The cult-like group has abducted more than 20 000 children and used them as fighters, porters and sex slaves during its 18-year-old war against the government of President Yoweri Museveni.
“Between January 1 and March 7 we rescued 147 abductees,” said Ugandan army spokesperson Major Shaban Bantariza. He gave no details of the rescues.
Moving swiftly on foot in small groups, the LRA has terrorised remote communities on both sides of Uganda’s border with Sudan. About 1,6 million people have been uprooted in Uganda alone, most of them in Gulu, Kitgum and Pader districts.
About half the children taken by the rebels over the years have either escaped or been rescued by military patrols, but several hundred youngsters remain captive, and aid workers often call northern Uganda “the world’s biggest hostage situation”.
The LRA’s strength at present is estimated by observers at about 1 200, of whom 700 are women or young children.
Bantariza said troops had killed 185 rebels this year, captured 54, and that 93 others had surrendered. The Ugandan army also recovered 13 000 bullets and 132 rifles, he said.
Talks to the end the war were struck a blow in February by the surrender of the rebels’ main negotiator, but tentative contacts have continued.

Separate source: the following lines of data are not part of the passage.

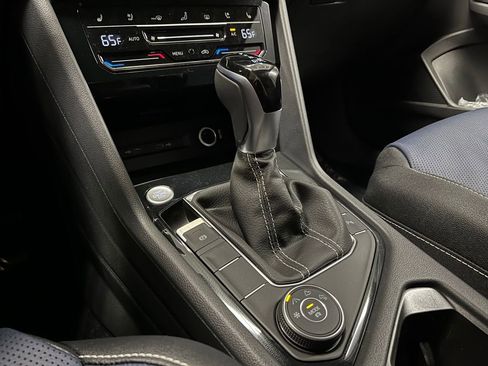 New 2026 Volkswagen Taos SEL AWD/4WD image 15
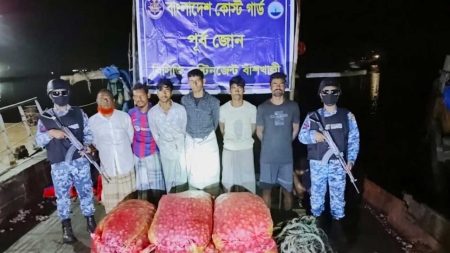 বাঁশখালীতে কোস্ট গার্ডের অভিযানে ৬ পাচারকারী আটক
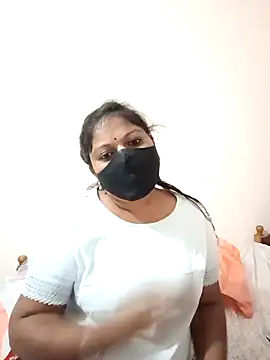 Snapshot of Ramya-Lovely chatting on 02.15.25 Ramya-Lovely online show from 02.15.25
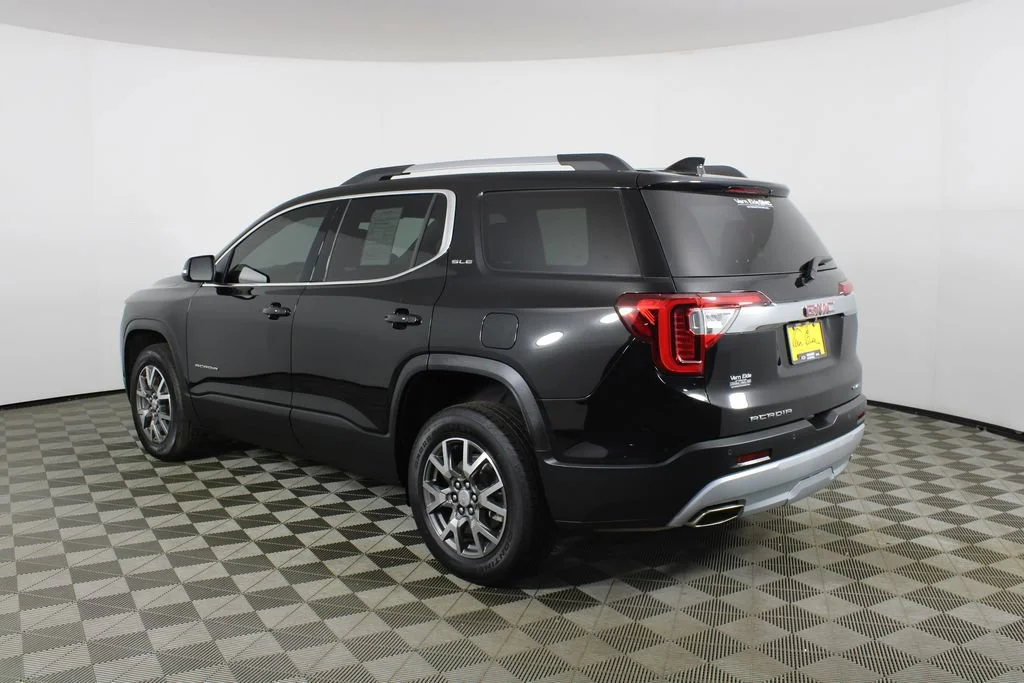Used 2023 Ebony Twilight Metallic GMC SLE image 4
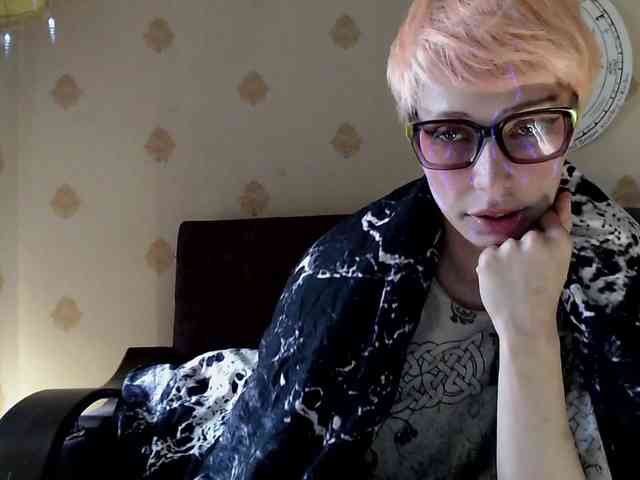 Lady_Gopnique webcam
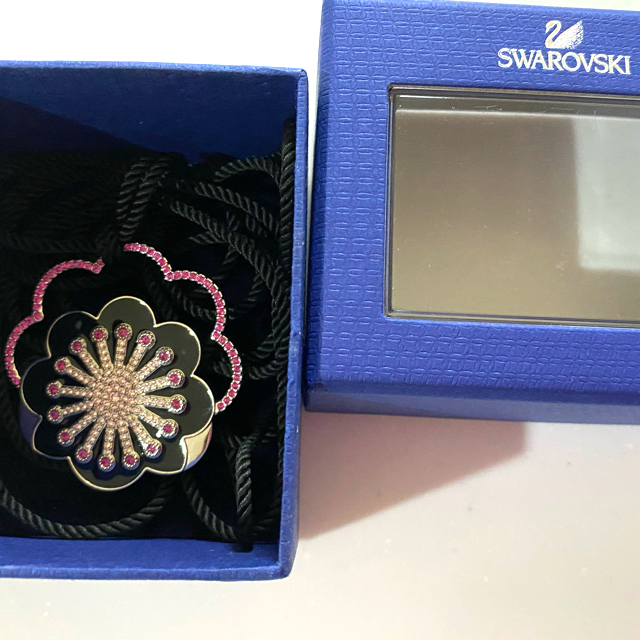 SWAROVSKI(スワロフスキー)のSWAROSKI　ネックレス　 レディースのアクセサリー(ネックレス)の商品写真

So have military operations aimed at hunting down elusive LRA leader Joseph Kony and deputy commander Vincent Otti.
“Otti has fled to Sudan’s Katire Valley,” Bantariza said, adding that more LRA fighters had surrendered since the latest talks with mediators and the government stalled on December 31.
“Some of the rebels were waiting for a deal to end the war, but now they see the peace talks are going nowhere they have decided to come out the bush in bigger numbers,” he said.
There was no way of independently confirming Bantariza’s report on Otti due to the insecurity and remoteness of the area.